EXERCISE DATA Block Start

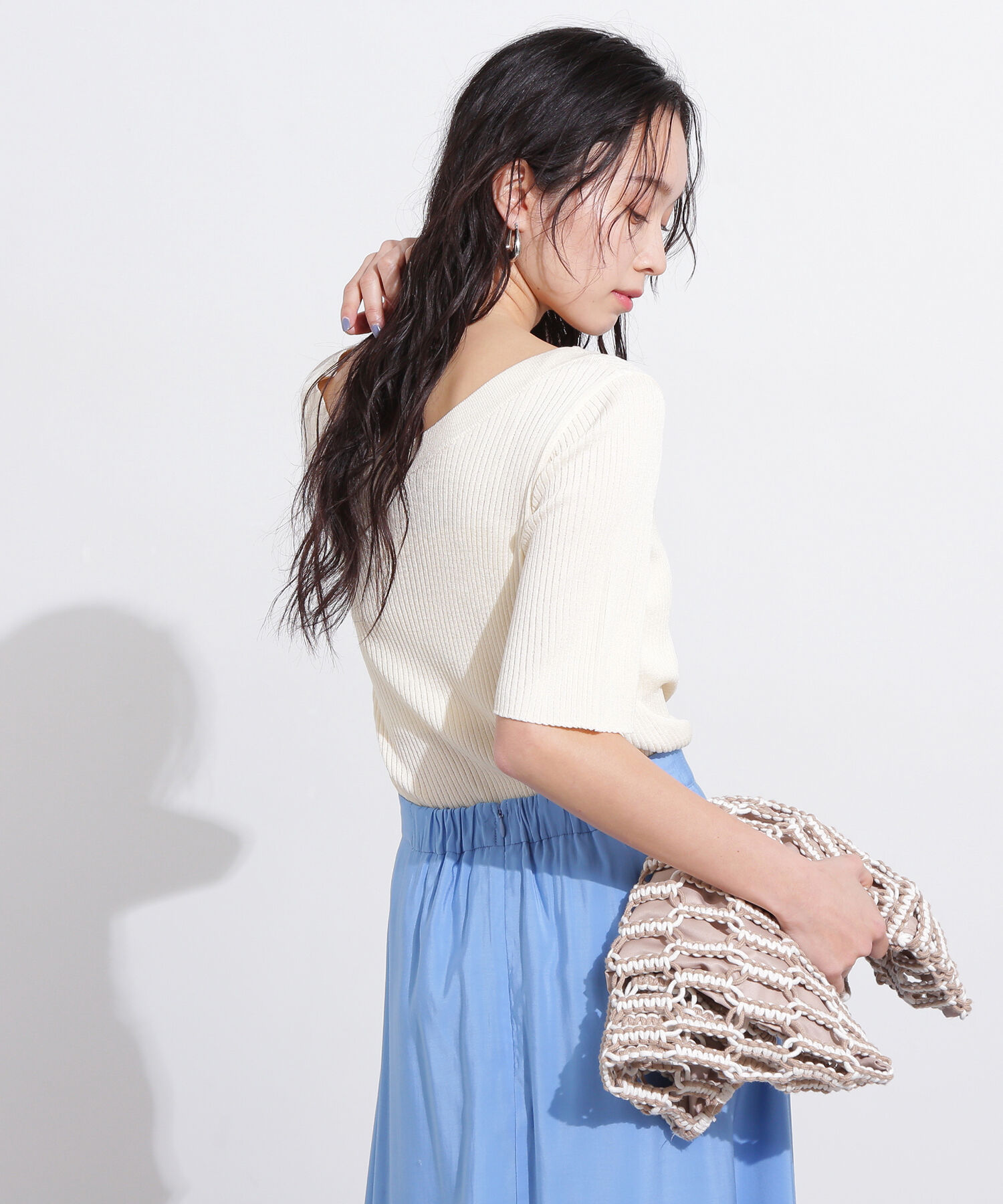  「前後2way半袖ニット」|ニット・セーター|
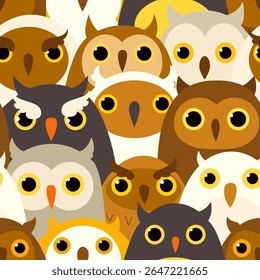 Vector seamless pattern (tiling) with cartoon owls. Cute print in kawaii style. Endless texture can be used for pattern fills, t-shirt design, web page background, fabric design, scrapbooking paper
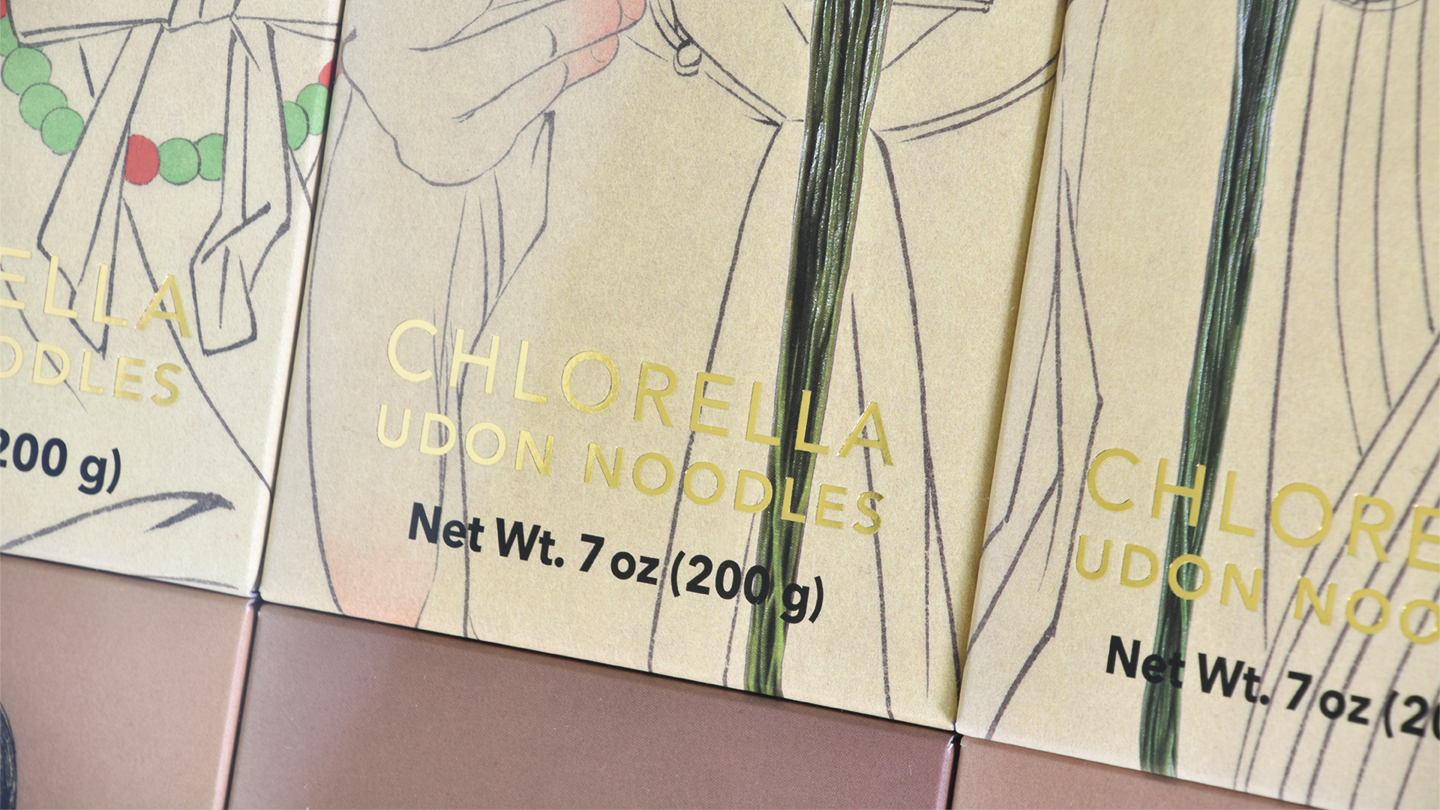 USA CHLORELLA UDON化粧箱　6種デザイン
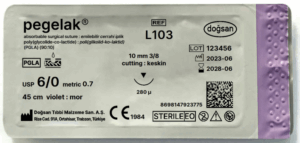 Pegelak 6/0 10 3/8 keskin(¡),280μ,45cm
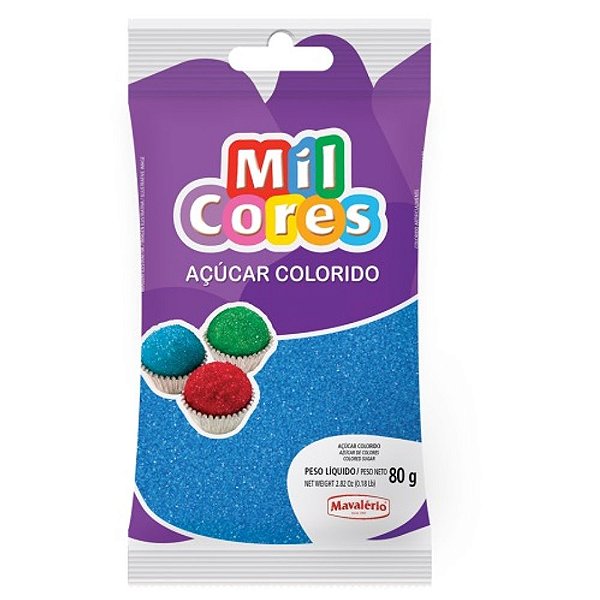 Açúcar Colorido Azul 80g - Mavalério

EXERCISE DATA Block End

**EXERCISE DIRECTIONS**
Return every entry above exactly as written, with no pictures included.

**REPLY**
  「前後2way半袖ニット」|ニット・セーター|
 Vector seamless pattern (tiling) with cartoon owls. Cute print in kawaii style. Endless texture can be used for pattern fills, t-shirt design, web page background, fabric design, scrapbooking paper
 USA CHLORELLA UDON化粧箱　6種デザイン
 Pegelak 6/0 10 3/8 keskin(¡),280μ,45cm
 Açúcar Colorido Azul 80g - Mavalério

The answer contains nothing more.